Angola

Moody’s: Rating de Angola desce se reestruturação da dívida envolver privados

Luanda. Fotografia: D.R.
Luanda. Fotografia: D.R.

Angola anunciou no princípio de junho a adesão à Iniciativa de Suspensão do Serviço da Dívida (DSSI) do G20

O analista da agência de notação financeira Moody’s que segue a economia de Angola disse hoje à Lusa que se a reestruturação da dívida pública do país envolver os credores privados o ‘rating’ vai descer.

“Se Angola envolver os credores privados na reestruturação da dívida pública, haverá perdas e o ‘rating’ precisará de ir mais para baixo, essa é a consequência de reestruturar as dívidas dos credores comerciais”, alertou Aurelien Mali.

Em entrevista à Lusa a partir do Dubai, o analista francês que segue a economia angolana há anos explicou que “se a reestruturação da dívida for limitada aos parceiros bilaterais, não tem impacto no ‘rating’, mas não resolve o fardo da dívida, só dá alívio para encontrar outras soluções e uma estratégia para colocar a dívida numa trajetória mais sustentável”.

Angola anunciou no princípio de junho a adesão à Iniciativa de Suspensão do Serviço da Dívida (DSSI) do G20, o que, segundo o Banco Mundial, fornecerá um alívio de 2,6 mil milhões de dólares (2,3 mil milhões de euros) em pagamentos a credores oficiais bilaterais que deviam ser feitos este ano, mas que serão adiados, e anunciou, nessa altura, que pretende manter os pagamentos da dívida aos credores privados.

A Moody’s é a única das três agências de ‘rating’ que considera que a adesão à DSSI é motivo suficiente para colocar o ‘rating’ dos países que aderirem em revisão para descida, apesar de a generalidade dos países africanos que aderiu à iniciativa dizer explicitamente que não vai deixar de pagar aos credores privados.
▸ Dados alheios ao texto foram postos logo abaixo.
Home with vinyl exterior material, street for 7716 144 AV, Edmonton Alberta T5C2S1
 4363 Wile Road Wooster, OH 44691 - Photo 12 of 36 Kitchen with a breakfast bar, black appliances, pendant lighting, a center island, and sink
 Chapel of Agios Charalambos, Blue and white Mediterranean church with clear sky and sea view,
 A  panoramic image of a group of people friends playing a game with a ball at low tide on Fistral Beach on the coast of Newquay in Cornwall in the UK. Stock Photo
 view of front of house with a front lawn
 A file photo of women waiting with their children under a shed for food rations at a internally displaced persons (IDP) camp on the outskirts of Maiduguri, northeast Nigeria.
“Na nossa opinião, a DSSI, com os termos com que foi avançada pelo G20, aumenta o risco de perdas para os credores privados, porque há uma tensão entre o documento, que pede a participação dos privados de uma maneira ainda não explicada, e os países soberanos, que dizem que não há riscos para os privados, e temos de resolver esta questão”, argumenta Aurelien Mali.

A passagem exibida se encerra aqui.